Todo pecado puede ser perdonado
Isabel Gómez Acebo
Reconozco que siempre me ha parecido una injusticia flagrante el trato que hemos dado en la Iglesia a los divorciados y vueltos a casar con la prohibición de acercarse a la eucaristía. Los sacerdotes que hacían votos públicos no tenían problemas para renunciar y casarse y a los asesinos se les perdona lo mismo que a los pedófilos, sin exigir nada a cambio. A los únicos que no les caía tal suerte era a los pobres que se habían equivocado al casarse o a los que su cónyuge les había abandonado, un número de católicos enorme ante el aumento de las tasas de divorcio. Incluso pienso en las mujeres que abandonaron a unos maridos que las maltrataban físicamente. En todos estos casos de fracaso ¿cómo compaginamos el deseo de Dios: No es bueno que el hombre esté solo con la norma?
He pasado de la sensación de injusticia a la de indignación cuando me he enterado de que si prometen no tener relaciones sexuales, los nuevos esposos se pueden acercar a la mesa del Señor ¿Es que el matrimonio se centra solo en el sexo y la procreación? ¿Qué pasa cuando se casan unos octogenarios? ¿No es válido ese matrimonio?
Si los obispos, que se van a reunir el próximo otoño para discutir los problemas del matrimonio, hacen caso a las voces del pueblo cristiano, tendrán que caer muchas de estas normas. Y no solo el pueblo pues los episcopados japonés y alemán, suman sus críticas a una legislación inmisericorde. Walter Kasper, el cardenal encargado de abrir el debate, cuando dice que todo pecado puede ser perdonado me parece que está a favor de los que quieren cambiar la ley eclesiástica a favor de los divorciados.
Pero es que además el propio Jesucristo en Mt 19,9 y 5,32 admite excepciones lo que abre la puerta a una actitud menos negativa.
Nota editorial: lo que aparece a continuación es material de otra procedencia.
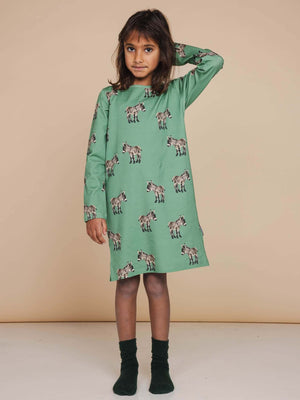 Kind in SNURK Donkeys Long Sleeve Dress Kids met schattige ezels op een zachtgroene achtergrond.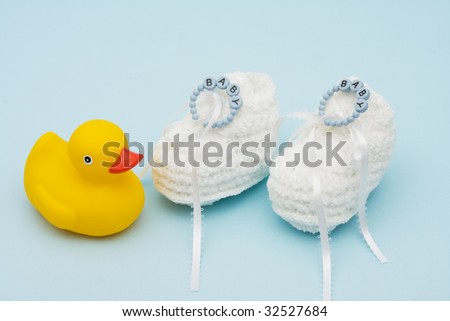 Baby booties with baby bracelet and rubber duck sitting on a blue background, baby booties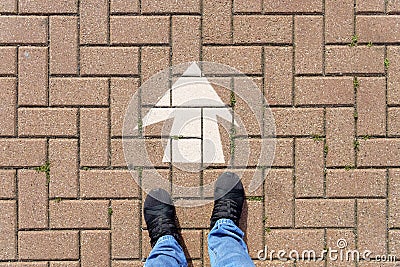 Selfie of feet and arrows on the road. top view. Businessmen in black shoes standing on a road with many white arrow pathway sign Stock Photo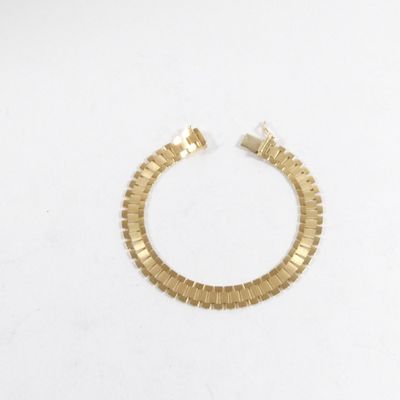 gros plan d'un bracelet en or sur une surface blanche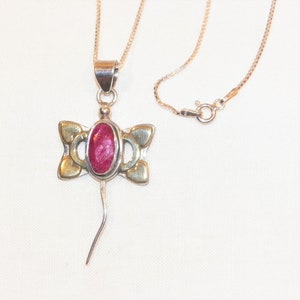 Puede incluir: Un collar de plata con un colgante que presenta una piedra preciosa roja engastada en un marco de oro y plata. El colgante tiene la forma de una libélula con una cola larga.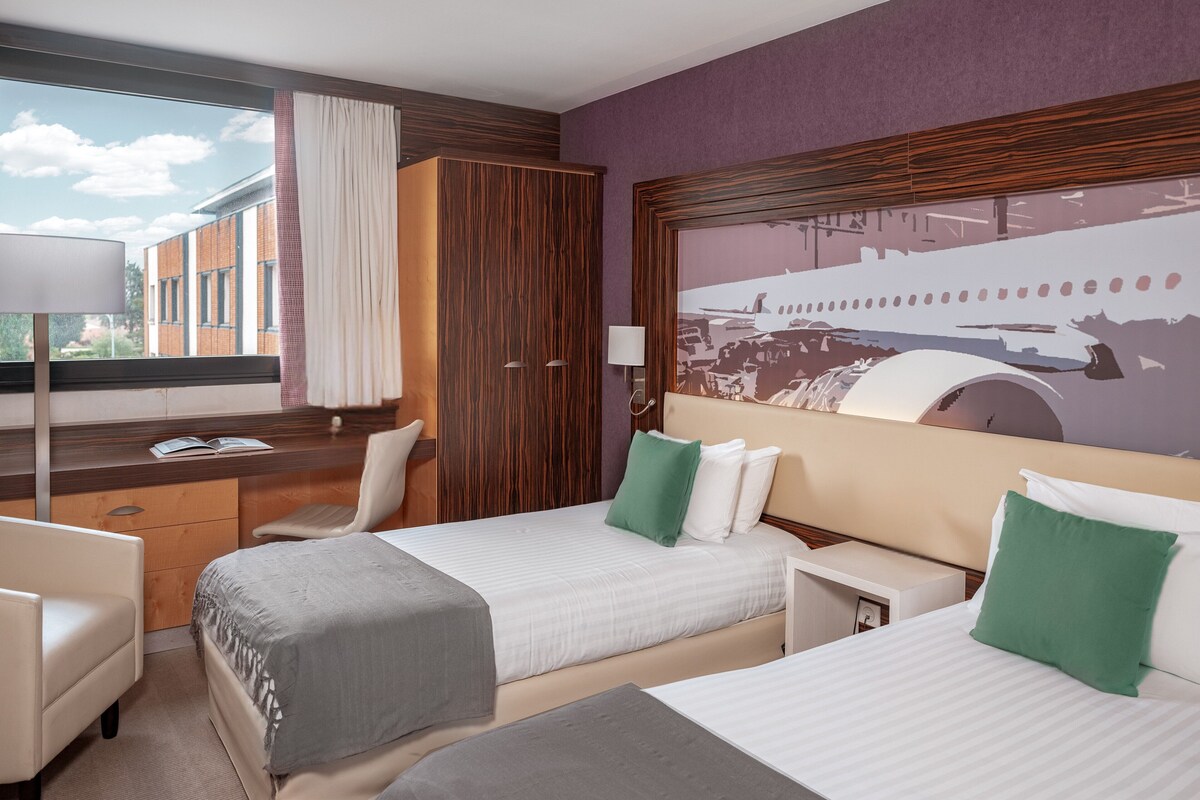 A hotel room with two beds, a desk, a chair, and a large window with a view of buildings.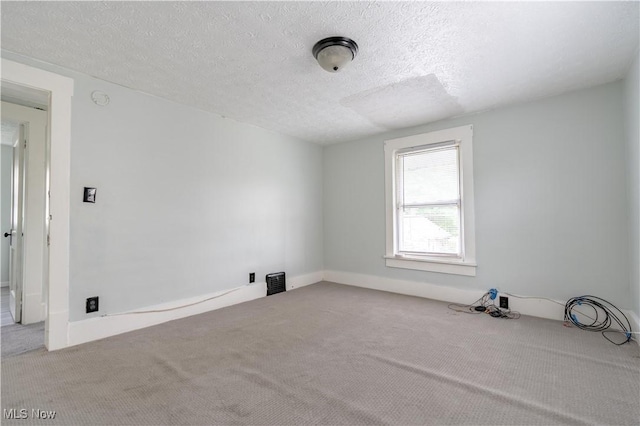 unfurnished room featuring carpet flooring and a textured ceiling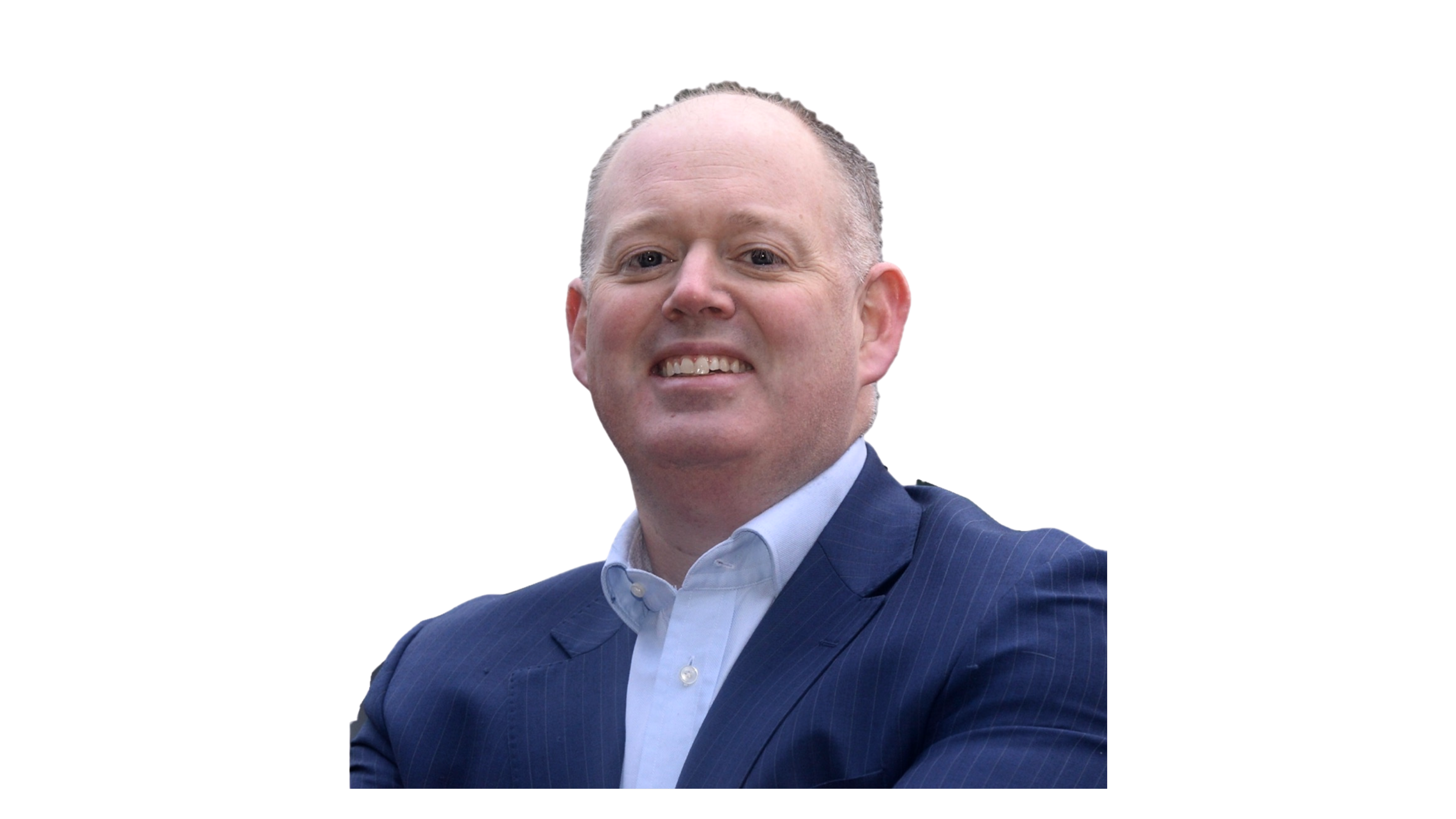 A man in a navy blue pinstripe suit and white dress shirt smiling with his arms crossed. Joe McCaffrey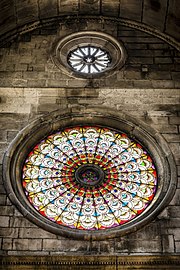 Gothic rosette, and stained glass, as a part of the facade of St. Jacob Cathedral in šibenik, Croatia. Photographer: Mladen Bozickovic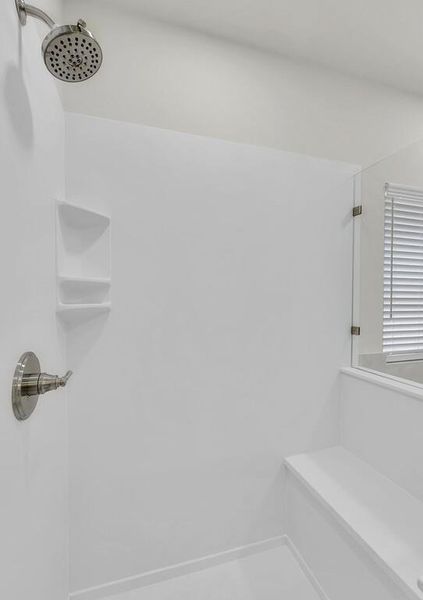 Full bath featuring a tile shower and baseboards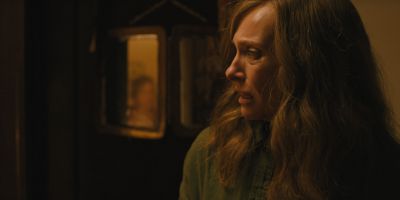 Still from Hereditary (2018) that has been tagged with: profile shot & night & medium close-up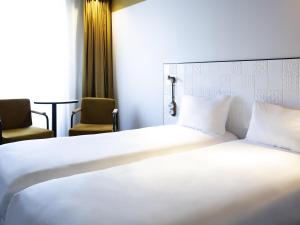 a bedroom with a large white bed and two chairs at ibis Styles Paris Gare De Lyon TGV in Paris +65 photos
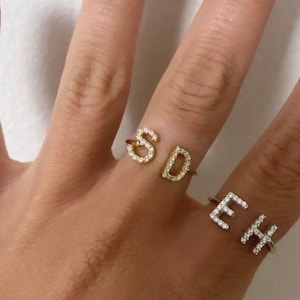 以下が含まれることがあります： クリアなキュービックジルコニアで飾られた「SD」と「EH」の文字が刻まれた2つの金のリング。リングは人の指につけられています。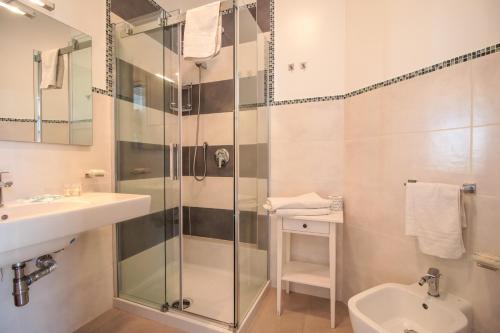 Bagno di Hotel Il Faro Della Guitgia Tommasino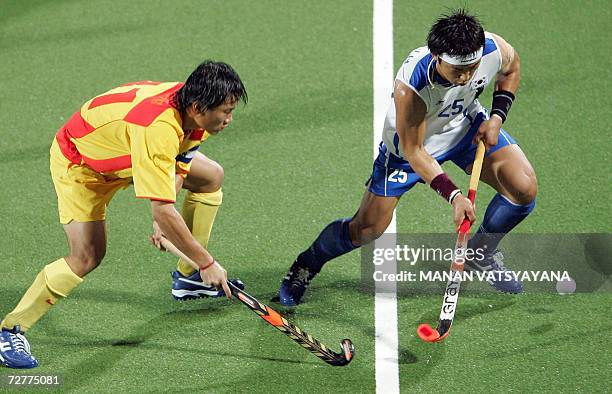 South Korean Jang Jong Hyun is challenged by Chinese captain Song Yi during the Men's Hockey Pool B match at the 15th Asian Games in Doha 08 December...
Tengo la impresión de que la postura del papa Francisco va también por estos derroteros: una Iglesia menos normativa, más acogedora y madre que sea compresiva con la realidad social en la que vive el pueblo de Dios. Sería el ideal que todos los matrimonios fueran para toda la vida pero no es así y también sería el ideal que pudiéramos celebrar nuestras eucaristías con gozo y sin juzgar a los que se suman a la mesa común ¿Quiénes somos nosotros para juzgar a nadie? ¿No será mejor dejar que sea Dios mismo el que los juzgue? De ser así, nadie se quedaría con hambre de la forma consagrada, ya que el padre del hijo pródigo mandó sacrificar una res para que todos pudieran celebrar el reencuentro del que abandonó la casa familiar.